Tatyana Vasilevna Bakiyeva (; ; born on 26 January, late-1940s) is a Kyrgyzstani public figure who is the wife of former President of Kyrgyzstan, Kurmanbek Bakiyev and the First Lady of Kyrgyzstan from March 2005 to April 2010.

Russian by ethnicity, she was born in Kuybyshev (now Samara) in the RSFSR and was raised in the Moldovan SSR (now Moldova). She eventually moved back to Samara and studied at the Kuybyshev Polytechnical Institute. She began her career in 1971 working at large industrial enterprises such as the production association "ZIM" in Samara. It was in Samara where she met her husband Kurmanbek Bakiyev, who was studying at her alma-mater. When she originally told her parents about her relationship with Bakiyev, they questioned her over why she would be engaged with someone of Kyrgyz ethnicity over an ethnic Russian. They eventually married in 1970 and had their sons Marat and Maxim in the city 2 and 7 years later respectively.

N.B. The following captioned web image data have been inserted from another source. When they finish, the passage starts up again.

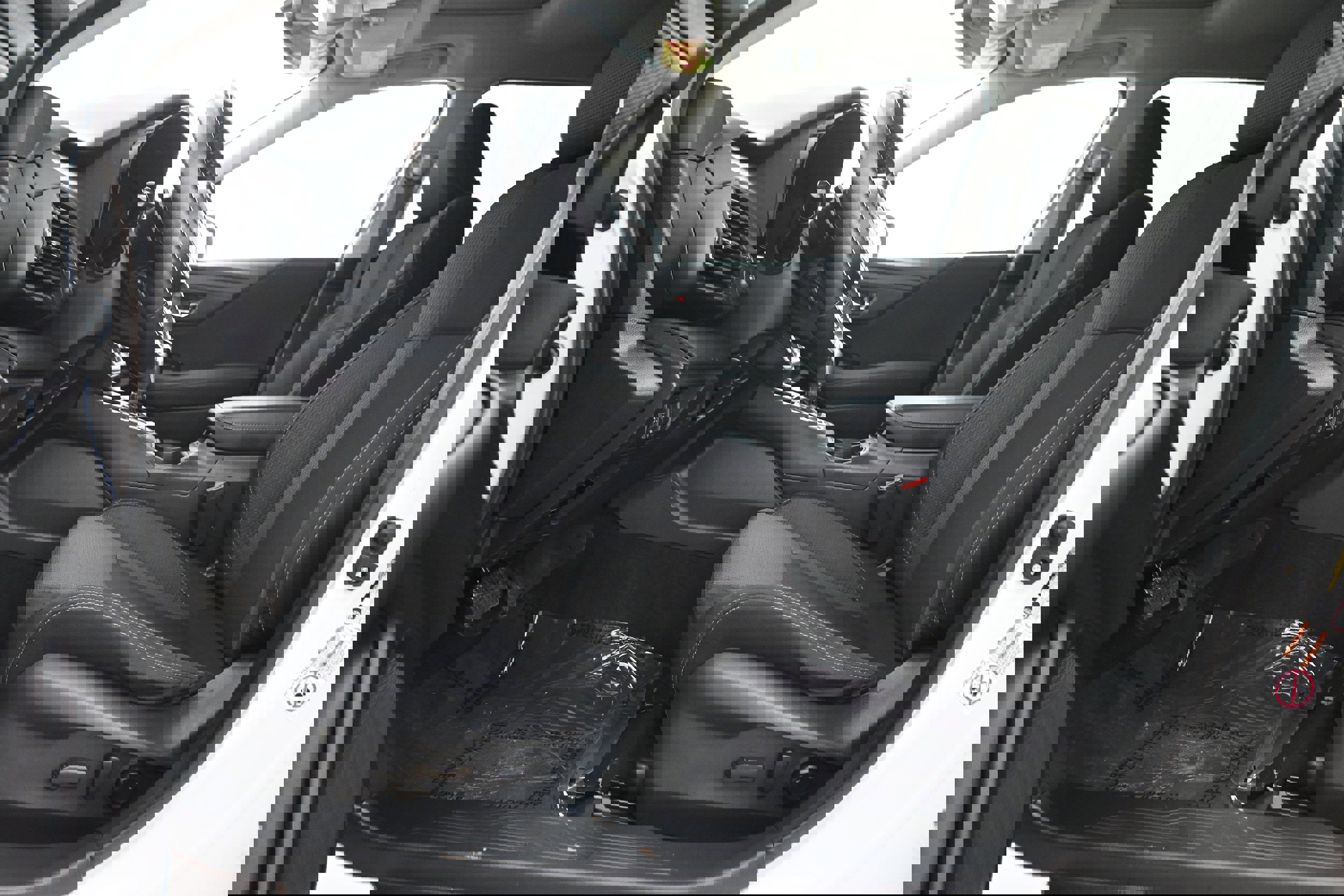 Used 2020 Subaru Outback Premium image 4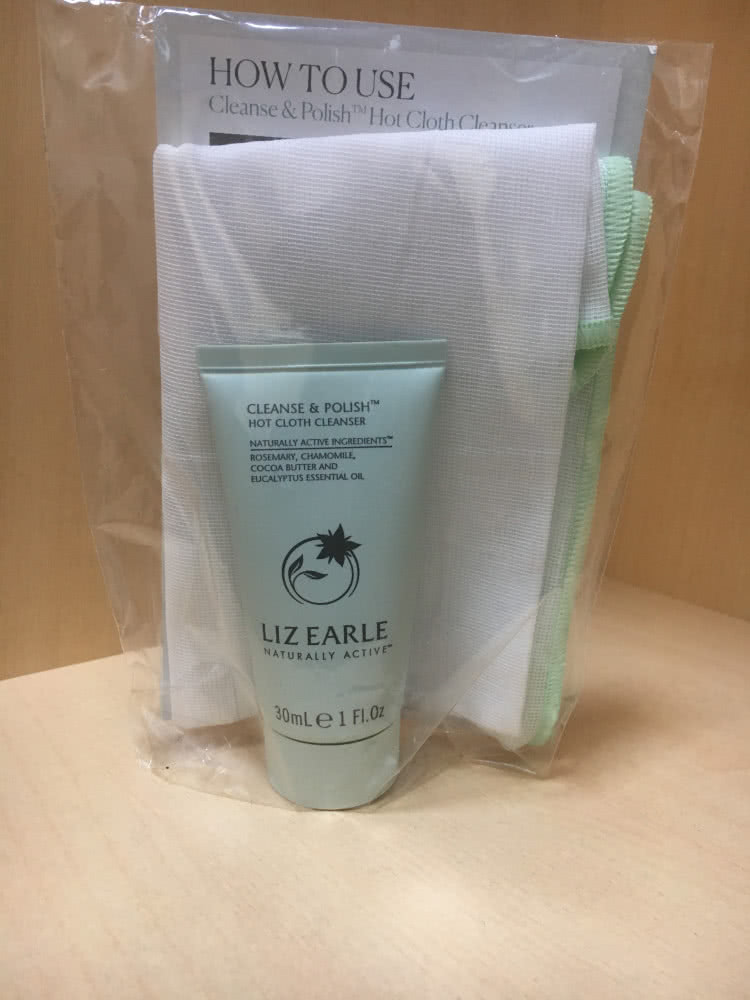 Средство для умывания Liz Earle Naturally Active Skincare Cleanse & Polish™ Hot Cloth Cleanser, 30 мл в комплекте с муслиновой салфеткой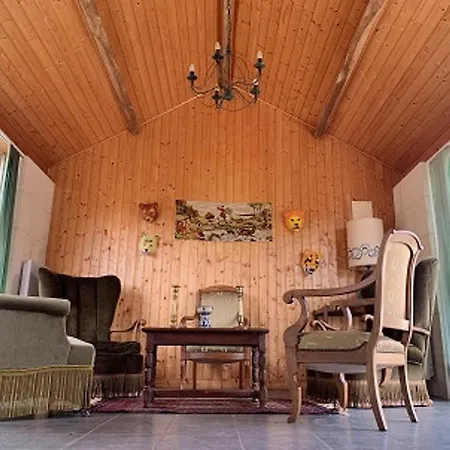 De 5 Chambres Avec Piscine Privee Jardin Clos Et Wifi A Jean De Sauves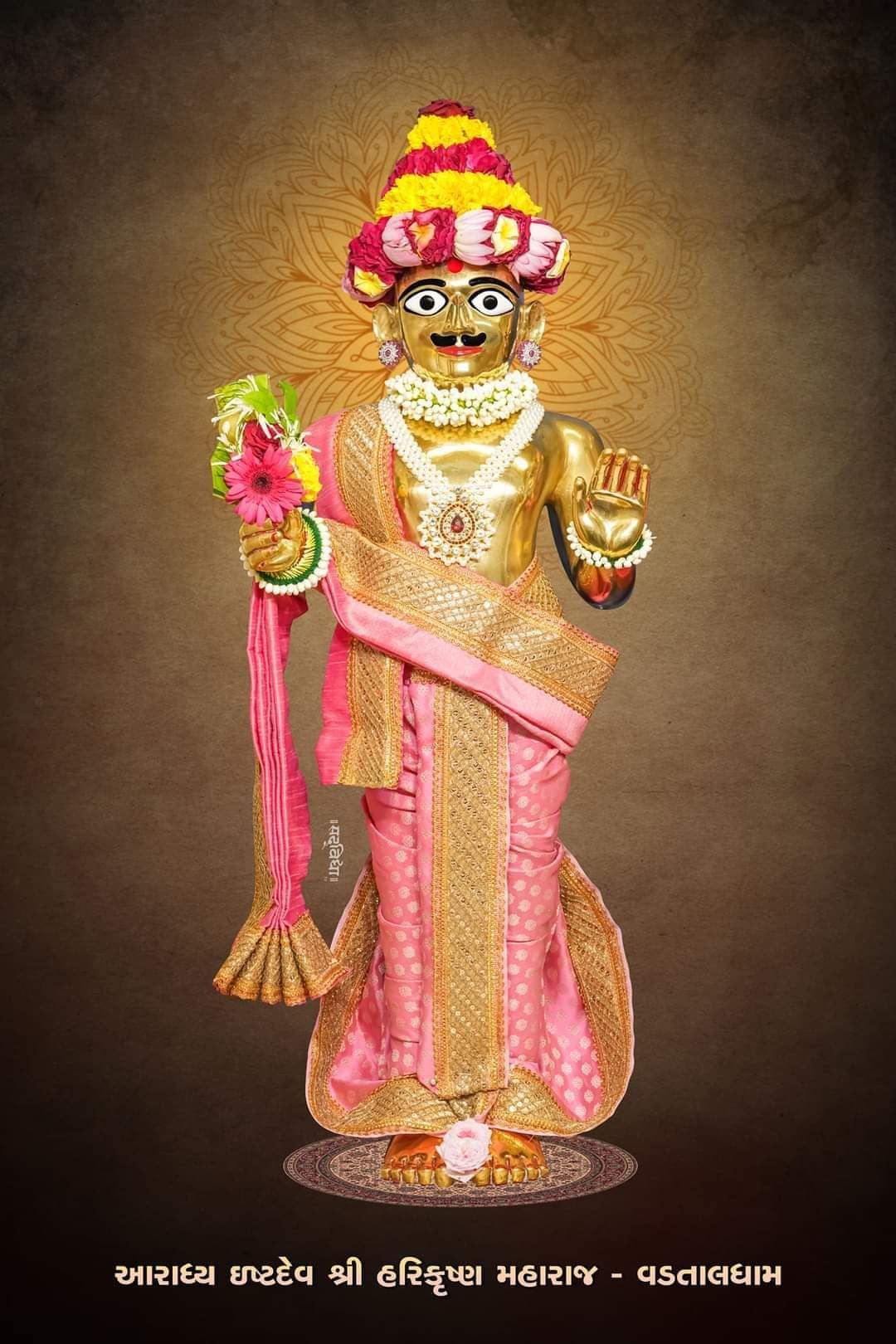 Swaminarayan Maharaj golden statue devotional image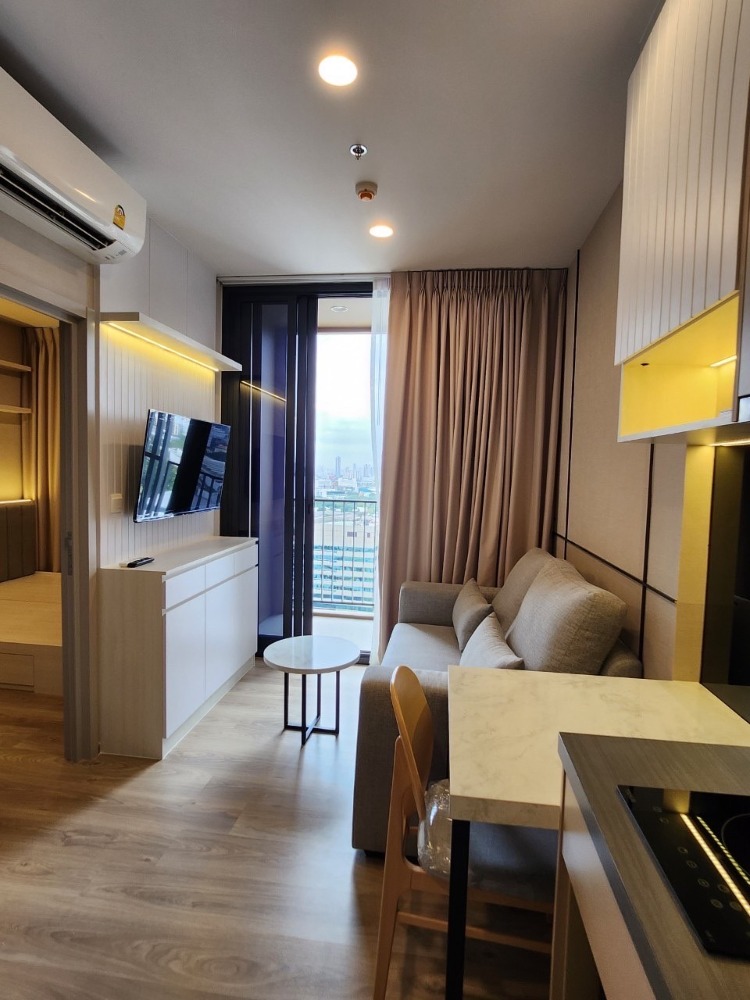 ให้เช่า คอนโดใหม่ Oka Haus Sukhumvit 36 (AS-02) ใกล้ BTS ทองหล่อ มี shuttle bus รับ-ส่งฟรี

In 1979, her whole family moved to Bakiev's native Kyrgyzstan and settled down in Jalal-Abad. For a short period of time, she headed the Chui Regional Branch of the Meerim Foundation, which her predecessor Mayram Akayeva, founded. After the 2005 Tulip Revolution, her husband became president and she became first lady. While she was first lady, she showed minimal activity, limiting herself to accompanying her Bakiyev at official meetings and various government events. She has not been seen since the Kyrgyz Revolution of 2010, with her husband going into exile in Minsk with his 2 sons and Kyrgyz mistress Nazgul Tolomusheva. Besides the Russian language, which is Bakiyeva's native language, she is also conversant in the Kyrgyz language.

References 

Living people
People from Samara, Russia
First ladies and gentlemen of Kyrgyzstan
Russian emigrants to Kyrgyzstan
Kyrgyzstani engineers
Year of birth missing (living people)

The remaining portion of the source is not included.